R. Está muy poco mejor que antes. Es un país que atraviesa una gran crisis de modernidad y de identidad. Está en una travesía del desierto que acabará, me parece, en el encuentro de dos civilizaciones. Todos tenemos esa crisis de identidad y sólo si miras desde fuera te encuentas a tí mismo. Confío en que de esa mezcla surja un nuevo vuelo del arte, de la escritura, del cine, del fútbol...
P. ¿Qué papel juega, como metáfora, ese personaje adolescente y mudo que ayuda a escapar a la joven de su novela a través de una montaña mágica?
R. Juntos dejan la China moderna y se internan en la China eterna, en el contacto con los árboles simbólicos, con la tierra, con el espíritu de la vieja esencia china.
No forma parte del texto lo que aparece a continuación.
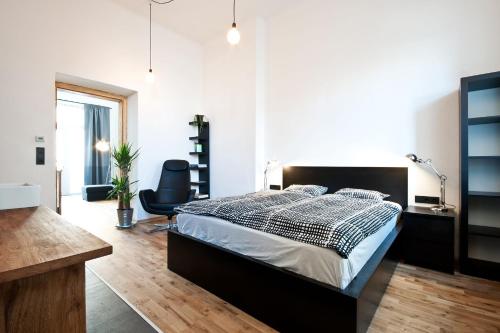 En eller flere senge i et værelse på Zentrales & modernes City-Apartment
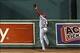 Oct 23, 2013; Boston, MA, USA; St. Louis Cardinals right fielder Carlos Beltran (3) takes away a grand slam from Boston Red Sox designated hitter David Ortiz (not pictured) during the second inning during game one of the MLB baseball World Series at Fenwa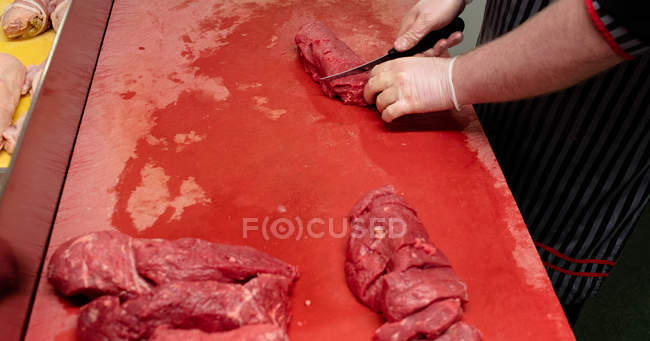 Hands of butcher chopping red meat at butchers shop — Stock Photo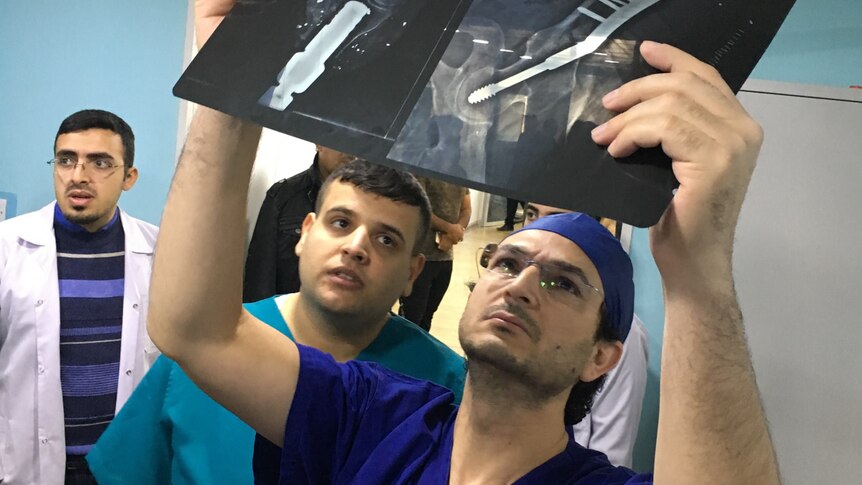 Professor Munjed Al Muderis inspecting x-ray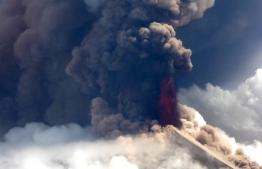 This handout from Niugini Helicopters taken and recieved on June 26, 2019 shows Papua New Guinea's Mount Ulawun volcano spewing lava. - Papua New Guinea's volatile Ulawun volcano -- designated one of the world's most hazardous -- erupted on June 26, spewing lava high in the air and sending residents fleeing. (Photo by Craig Powell / Niugini Helicopters / AFP) / -----EDITORS NOTE --- RESTRICTED TO EDITORIAL USE - MANDATORY CREDIT "AFP PHOTO / CRAIG POWELL / NIUGINI HELICOPTERS " - NO MARKETING - NO ADVERTISING CAMPAIGNS - DISTRIBUTED AS A SERVICE TO CLIENTS  - NO ARCHIVE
Ese niño mudo es en realidad un zorro, un semidios que se metamorfosea: no es tan puro como un Buda ni está iluminado, pero ama la belleza y conoce lo sensual. Para mí es también la proyección del deseo de ella. El libro cuenta una historia de amor púdico, no físico. El amor carnal está prohibido en China. El zorro guía a la joven a una nueva dimensión, a la reconciliación con ella misma, a la búsqueda de la mujer eterna, que ya no es revolucionaria pero que espera y busca, empujada por una pulsión física superior a ella misma.
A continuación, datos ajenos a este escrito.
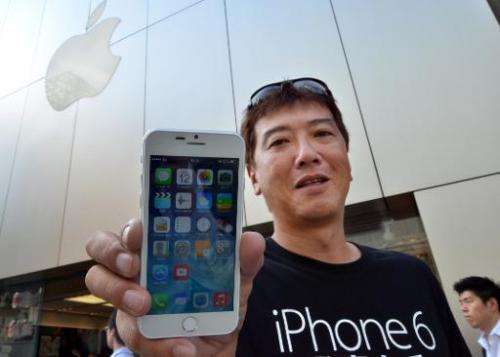 Apple fan Tetsuya Tamura holds a China made 'iPhone 6' outside an Apple store in Tokyo on September 12, 2014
P. ¿Cómo es esa historia del beso que le salvó la vida?
R. Fue el 3 de enero de 1989. Era un viernes, y yo iba a Tiananmen para organizar otra jornada de huelga de hambre. Por el camino encontré a Min, un joven compañero de la Universidad. Se llama como el amor imposible de la chica en la novela, el que se suicida. En el último momento cambiamos de idea y fuimos a las ruinas del Palacio de la Primavera. Nos dimos nuestro primer beso, y eso nos salvó de la masacre. Una prueba más de la rara amistad entre el amor y la muerte.
P. ¿Y qué fue de Min?
R. Se casó. Es trágico, ¿no? Un drama, casi un suicidio.
P. ¿Se parece su escritura a la de Gao Xingjian, último premio Nobel?
R. Él, como yo, busca a China a través de su escritura. Su escritura es como un libro de oraciones para rezar todos los días. Mi literatura es un arte marcial.